Turn down the rant-o-matic. It's getting in the way of a productive discussion. It would be neat-o if you could kick the hyperbole habit while you're at it ("they teach nobody", "they do whatever they want"), and lay out the evidence to illustrate the grim 'reality' of the teaching profession. A news investigation does NOT cut it. Anecdotes and personal experiences do NOT cut it.

I'd be happy to discuss the "firing of incompetent teachers", but not in the way you're engaging in it.

Doubt
26th October 2010, 10:08 PM
Funny that no leftist EVER questions the veracity of a fellow lefty.

Doubt doesn't ask YOU to "put up or shut up." Only me.
Such is the integrity, the fairness, the honesty of the left.

As if HIS investigations would be fair and objective, much less conclusive.

bikerdruid is in Canada. Not very relevant to your claims about US teachers. I told you why I wanted the info. Can you not support your claim? Also, he told us a location. That can be used to verify what he claims. You have supplied nothing.

Also, you have no clue if I am left or right. Asking you for info does not = left. Challenging you to support your claims does not = left. It's called being a skeptic. Put up or shut up. Stop playing games. If the facts are on your side this should not be a problem for you. Otherwise, the null hypothesis is what we are left with.

How hard can this be? Are you telling the truth or are you lying?
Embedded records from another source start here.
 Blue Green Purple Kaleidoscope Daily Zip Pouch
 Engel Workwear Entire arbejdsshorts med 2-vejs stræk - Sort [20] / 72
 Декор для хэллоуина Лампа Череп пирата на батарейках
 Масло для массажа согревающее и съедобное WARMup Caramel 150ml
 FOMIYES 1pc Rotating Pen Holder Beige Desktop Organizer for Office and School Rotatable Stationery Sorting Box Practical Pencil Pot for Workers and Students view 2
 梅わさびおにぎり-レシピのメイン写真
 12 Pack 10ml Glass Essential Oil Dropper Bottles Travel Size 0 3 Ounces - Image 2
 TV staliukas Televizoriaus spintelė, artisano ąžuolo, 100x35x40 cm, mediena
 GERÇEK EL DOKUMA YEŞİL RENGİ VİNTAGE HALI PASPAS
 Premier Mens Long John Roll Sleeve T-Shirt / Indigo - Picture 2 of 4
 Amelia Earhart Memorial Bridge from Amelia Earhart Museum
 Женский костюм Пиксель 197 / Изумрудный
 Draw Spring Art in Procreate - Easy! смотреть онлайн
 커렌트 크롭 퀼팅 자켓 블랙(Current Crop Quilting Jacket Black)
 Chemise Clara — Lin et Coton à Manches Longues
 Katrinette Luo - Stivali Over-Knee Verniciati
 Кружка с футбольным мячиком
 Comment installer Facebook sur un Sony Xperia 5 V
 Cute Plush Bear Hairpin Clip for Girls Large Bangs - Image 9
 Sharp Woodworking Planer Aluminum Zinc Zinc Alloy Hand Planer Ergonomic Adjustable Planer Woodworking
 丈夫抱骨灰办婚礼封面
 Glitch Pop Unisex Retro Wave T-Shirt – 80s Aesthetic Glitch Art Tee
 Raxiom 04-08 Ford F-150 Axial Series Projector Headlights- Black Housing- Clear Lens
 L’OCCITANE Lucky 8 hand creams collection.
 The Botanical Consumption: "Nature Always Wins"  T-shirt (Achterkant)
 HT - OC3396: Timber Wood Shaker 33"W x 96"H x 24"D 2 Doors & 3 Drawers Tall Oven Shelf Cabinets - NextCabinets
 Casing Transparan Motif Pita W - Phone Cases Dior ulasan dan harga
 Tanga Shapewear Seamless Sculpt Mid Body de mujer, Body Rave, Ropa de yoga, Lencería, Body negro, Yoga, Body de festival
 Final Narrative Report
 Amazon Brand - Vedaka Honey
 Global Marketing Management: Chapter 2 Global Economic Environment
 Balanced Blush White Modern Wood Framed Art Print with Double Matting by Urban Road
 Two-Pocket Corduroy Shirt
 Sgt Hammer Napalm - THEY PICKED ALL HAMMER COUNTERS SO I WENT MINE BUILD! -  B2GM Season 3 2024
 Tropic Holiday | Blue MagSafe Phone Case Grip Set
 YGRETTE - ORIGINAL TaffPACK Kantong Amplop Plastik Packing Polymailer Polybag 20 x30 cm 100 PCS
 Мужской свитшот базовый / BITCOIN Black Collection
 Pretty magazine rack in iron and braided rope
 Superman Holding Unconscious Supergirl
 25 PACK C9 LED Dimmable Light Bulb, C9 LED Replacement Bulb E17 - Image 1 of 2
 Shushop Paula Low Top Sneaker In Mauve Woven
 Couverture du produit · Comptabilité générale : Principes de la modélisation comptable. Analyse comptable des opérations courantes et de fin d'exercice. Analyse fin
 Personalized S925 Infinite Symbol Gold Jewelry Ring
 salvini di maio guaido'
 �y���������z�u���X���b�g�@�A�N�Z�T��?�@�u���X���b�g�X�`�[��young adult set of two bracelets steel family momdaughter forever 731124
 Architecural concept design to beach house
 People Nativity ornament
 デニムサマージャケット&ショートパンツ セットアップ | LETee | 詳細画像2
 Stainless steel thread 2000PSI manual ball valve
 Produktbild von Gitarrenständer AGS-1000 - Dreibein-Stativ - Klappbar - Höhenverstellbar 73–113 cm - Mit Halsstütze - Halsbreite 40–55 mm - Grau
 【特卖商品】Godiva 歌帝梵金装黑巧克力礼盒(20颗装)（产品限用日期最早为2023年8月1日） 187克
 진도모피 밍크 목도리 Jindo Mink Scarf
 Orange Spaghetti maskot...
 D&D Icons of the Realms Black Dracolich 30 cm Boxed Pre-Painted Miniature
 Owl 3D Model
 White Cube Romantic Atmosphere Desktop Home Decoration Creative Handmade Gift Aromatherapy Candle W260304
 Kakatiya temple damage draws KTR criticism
Supply the info so we can see if it is true.

Travis
26th October 2010, 11:43 PM
Okay, let us assume that teachers are being paid $95,000 a year. I'd like you to argue why they shouldn't be paid that much.

Conversely I'd like you to explain why CEO's that show up to work a couple of times a week to issue nonsensical catch phrases for a couple of hours before returning home to snort cocaine off of hookers are deserving of their multimillion dollar salaries.


Also I'd like you to imagine just what things might be like without teachers unions. They are not the monsters that you have made them out to be.

Jeff Corey
27th October 2010, 05:38 AM
...New York City schools were featured on a national news investigation a few years ago, and they showed a huge building where hundreds of incompetent teachers were housed daily. They teach nobody. They do whatever they want. They cannot be fired because of the teachers' union.

It is disgraceful. What have teachers done to correct this abomination?

It is widespread throughout America, this inability to fire incompetent teachers.

Ya know, I live in NY, relatively near The City, and never heard about those "hundreds of teachers".
How about you do your homework and find a reliable reference for this claim. Not the National Inquirer or the Teabag Daily Rag, please.

Travis
27th October 2010, 06:15 AM
My dad had many dealings with the teachers union here in California over the years and he had nothing but respect for them. Many a time a school wanted to throw a teacher under the bus because they were older and earning more (younger teachers are cheaper) and they would stop that crap cold.

Garrison0fMars
27th October 2010, 07:43 AM
i am a retired teacher in northern alberta, canada.
my current salary, with 6 years of university, and maximum experience grid, would currently be just over $100,000.
not bad for 200 days of work per year. (the teaching year in alberta)

Isn't Johnathan talking about the US educational system, not the Canadian one?